- **Required action**
Among the entries below, find each line with "Manual" and show it.

- **Data provided**

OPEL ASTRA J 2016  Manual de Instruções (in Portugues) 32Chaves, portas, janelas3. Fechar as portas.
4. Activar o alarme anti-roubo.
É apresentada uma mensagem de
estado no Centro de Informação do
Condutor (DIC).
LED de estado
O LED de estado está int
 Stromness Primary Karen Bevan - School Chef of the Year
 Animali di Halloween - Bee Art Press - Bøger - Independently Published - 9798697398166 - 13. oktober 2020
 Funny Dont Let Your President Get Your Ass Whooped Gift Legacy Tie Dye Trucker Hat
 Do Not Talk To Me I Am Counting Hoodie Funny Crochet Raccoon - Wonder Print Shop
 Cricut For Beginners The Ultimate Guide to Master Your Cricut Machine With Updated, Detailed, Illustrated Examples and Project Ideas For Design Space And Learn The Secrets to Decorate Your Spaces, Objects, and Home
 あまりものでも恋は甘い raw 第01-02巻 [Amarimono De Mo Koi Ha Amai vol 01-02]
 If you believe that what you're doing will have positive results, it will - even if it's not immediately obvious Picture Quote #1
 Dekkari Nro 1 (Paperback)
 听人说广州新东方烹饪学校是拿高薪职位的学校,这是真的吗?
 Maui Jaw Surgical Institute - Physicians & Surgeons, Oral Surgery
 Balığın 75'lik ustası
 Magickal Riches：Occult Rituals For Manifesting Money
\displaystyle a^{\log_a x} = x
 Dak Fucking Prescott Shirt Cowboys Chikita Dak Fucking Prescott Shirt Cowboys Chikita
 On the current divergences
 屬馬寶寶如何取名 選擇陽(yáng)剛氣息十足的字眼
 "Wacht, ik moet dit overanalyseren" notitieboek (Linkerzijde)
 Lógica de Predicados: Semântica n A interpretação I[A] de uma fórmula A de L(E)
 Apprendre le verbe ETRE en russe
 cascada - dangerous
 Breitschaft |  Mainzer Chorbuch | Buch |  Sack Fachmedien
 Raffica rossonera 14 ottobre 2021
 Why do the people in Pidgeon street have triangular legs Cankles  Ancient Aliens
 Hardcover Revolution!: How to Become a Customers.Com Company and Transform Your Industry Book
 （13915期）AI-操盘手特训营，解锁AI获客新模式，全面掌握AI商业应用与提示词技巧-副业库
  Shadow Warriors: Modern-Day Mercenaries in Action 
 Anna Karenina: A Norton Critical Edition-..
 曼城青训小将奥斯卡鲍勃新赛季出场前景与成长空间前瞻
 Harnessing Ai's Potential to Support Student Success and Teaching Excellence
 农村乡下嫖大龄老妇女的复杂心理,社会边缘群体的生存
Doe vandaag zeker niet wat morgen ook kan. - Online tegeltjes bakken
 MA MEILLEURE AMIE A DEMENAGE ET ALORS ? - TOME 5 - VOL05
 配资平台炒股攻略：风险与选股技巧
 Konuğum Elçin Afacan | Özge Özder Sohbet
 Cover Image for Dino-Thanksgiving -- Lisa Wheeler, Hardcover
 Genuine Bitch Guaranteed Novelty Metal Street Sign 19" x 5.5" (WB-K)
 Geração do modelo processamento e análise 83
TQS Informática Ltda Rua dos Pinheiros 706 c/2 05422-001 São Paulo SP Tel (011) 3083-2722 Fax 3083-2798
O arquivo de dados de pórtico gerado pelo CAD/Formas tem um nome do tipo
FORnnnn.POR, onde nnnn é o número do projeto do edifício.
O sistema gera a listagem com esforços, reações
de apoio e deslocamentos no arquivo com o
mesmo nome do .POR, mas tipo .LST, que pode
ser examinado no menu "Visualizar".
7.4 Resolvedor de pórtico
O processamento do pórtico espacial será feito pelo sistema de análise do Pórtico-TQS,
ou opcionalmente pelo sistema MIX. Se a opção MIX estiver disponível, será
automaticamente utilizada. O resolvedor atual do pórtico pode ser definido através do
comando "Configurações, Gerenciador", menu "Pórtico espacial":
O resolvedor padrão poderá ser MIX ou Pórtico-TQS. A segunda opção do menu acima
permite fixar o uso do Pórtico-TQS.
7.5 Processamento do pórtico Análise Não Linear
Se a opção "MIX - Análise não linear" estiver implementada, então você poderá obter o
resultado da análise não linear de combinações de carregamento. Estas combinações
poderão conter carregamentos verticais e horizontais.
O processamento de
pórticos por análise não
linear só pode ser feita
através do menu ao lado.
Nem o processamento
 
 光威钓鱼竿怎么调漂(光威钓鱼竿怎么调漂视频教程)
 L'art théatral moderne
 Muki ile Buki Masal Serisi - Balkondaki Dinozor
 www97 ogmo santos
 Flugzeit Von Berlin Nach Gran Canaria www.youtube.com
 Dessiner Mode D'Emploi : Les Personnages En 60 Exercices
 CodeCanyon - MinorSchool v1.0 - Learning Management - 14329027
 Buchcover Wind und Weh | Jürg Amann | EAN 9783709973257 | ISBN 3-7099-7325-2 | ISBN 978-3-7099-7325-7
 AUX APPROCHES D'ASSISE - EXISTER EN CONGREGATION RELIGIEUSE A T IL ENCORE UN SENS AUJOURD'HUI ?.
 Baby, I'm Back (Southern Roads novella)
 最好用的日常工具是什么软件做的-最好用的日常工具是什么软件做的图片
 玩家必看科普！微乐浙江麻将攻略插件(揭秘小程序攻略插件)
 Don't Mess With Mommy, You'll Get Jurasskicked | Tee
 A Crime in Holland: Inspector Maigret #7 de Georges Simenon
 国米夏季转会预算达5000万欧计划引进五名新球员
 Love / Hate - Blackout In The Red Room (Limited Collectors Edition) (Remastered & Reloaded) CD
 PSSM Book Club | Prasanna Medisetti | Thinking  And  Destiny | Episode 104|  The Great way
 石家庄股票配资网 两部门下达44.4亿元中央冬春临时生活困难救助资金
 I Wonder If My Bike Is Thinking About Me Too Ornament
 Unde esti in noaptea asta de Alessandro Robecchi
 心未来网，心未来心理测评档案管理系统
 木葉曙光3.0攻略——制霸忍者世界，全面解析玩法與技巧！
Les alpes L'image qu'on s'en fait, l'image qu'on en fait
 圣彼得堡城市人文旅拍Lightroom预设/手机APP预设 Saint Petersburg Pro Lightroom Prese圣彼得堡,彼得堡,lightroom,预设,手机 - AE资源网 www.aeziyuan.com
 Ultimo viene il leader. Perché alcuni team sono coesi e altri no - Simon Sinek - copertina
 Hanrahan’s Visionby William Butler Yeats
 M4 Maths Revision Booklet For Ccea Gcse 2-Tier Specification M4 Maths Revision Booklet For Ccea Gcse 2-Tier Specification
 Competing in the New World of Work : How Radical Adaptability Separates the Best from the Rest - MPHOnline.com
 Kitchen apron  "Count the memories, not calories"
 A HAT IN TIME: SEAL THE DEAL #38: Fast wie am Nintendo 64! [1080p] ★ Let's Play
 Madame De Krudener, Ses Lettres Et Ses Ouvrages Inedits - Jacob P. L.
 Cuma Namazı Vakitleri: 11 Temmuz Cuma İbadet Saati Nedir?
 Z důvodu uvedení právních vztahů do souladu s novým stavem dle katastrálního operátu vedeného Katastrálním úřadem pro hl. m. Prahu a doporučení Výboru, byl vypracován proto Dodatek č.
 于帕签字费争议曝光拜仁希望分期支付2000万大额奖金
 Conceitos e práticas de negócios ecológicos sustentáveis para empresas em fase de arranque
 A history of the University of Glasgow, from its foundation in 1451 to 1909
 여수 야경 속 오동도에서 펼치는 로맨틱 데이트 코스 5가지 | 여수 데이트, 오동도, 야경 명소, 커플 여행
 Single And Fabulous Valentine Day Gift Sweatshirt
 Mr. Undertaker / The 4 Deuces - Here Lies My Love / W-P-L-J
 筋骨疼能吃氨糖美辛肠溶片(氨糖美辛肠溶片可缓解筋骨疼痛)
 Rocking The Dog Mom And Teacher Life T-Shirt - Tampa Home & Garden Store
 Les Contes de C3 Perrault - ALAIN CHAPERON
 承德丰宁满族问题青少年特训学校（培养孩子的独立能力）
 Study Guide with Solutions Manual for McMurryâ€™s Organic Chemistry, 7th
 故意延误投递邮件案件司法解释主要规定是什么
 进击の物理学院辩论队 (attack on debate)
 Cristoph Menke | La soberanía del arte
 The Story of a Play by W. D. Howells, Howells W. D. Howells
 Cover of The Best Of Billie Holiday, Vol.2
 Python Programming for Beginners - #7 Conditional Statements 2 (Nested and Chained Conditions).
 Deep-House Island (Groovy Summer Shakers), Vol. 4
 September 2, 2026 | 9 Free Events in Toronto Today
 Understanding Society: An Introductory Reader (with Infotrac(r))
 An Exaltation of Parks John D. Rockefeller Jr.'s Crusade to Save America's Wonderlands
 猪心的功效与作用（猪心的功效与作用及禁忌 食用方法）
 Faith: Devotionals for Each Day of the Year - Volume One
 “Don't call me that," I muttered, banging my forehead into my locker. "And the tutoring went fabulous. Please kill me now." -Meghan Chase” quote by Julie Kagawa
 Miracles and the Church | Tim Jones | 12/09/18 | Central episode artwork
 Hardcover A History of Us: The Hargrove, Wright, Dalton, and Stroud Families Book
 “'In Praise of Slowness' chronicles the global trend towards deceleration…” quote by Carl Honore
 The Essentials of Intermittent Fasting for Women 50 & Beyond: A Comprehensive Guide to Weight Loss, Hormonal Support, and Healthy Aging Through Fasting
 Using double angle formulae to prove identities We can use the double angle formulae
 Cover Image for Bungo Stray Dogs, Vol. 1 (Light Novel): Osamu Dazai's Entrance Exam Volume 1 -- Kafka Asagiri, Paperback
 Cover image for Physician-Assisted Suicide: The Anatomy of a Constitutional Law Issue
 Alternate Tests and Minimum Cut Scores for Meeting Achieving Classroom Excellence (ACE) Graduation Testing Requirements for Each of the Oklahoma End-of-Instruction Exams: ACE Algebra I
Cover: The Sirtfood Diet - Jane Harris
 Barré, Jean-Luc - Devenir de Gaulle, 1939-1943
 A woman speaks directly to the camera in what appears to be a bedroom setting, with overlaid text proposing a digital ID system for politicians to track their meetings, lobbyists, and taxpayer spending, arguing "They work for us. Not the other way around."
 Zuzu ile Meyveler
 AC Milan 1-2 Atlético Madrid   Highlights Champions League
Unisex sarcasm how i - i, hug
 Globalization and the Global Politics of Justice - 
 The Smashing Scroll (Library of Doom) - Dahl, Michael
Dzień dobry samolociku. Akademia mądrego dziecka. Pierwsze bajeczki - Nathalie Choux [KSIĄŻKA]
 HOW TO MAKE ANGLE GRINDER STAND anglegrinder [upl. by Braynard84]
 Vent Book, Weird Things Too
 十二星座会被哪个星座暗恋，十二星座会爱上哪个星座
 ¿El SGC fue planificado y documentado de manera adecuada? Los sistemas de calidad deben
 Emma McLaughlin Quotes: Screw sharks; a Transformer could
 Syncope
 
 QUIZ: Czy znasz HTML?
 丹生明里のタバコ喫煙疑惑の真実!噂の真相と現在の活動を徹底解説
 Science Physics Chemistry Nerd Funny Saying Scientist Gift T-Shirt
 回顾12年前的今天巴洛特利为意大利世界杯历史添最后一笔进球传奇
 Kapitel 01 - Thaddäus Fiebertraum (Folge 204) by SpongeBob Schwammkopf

- **Answer below**
OPEL ASTRA J 2016  Manual de Instruções (in Portugues) 32Chaves, portas, janelas3. Fechar as portas.
 Study Guide with Solutions Manual for McMurryâ€™s Organic Chemistry, 7th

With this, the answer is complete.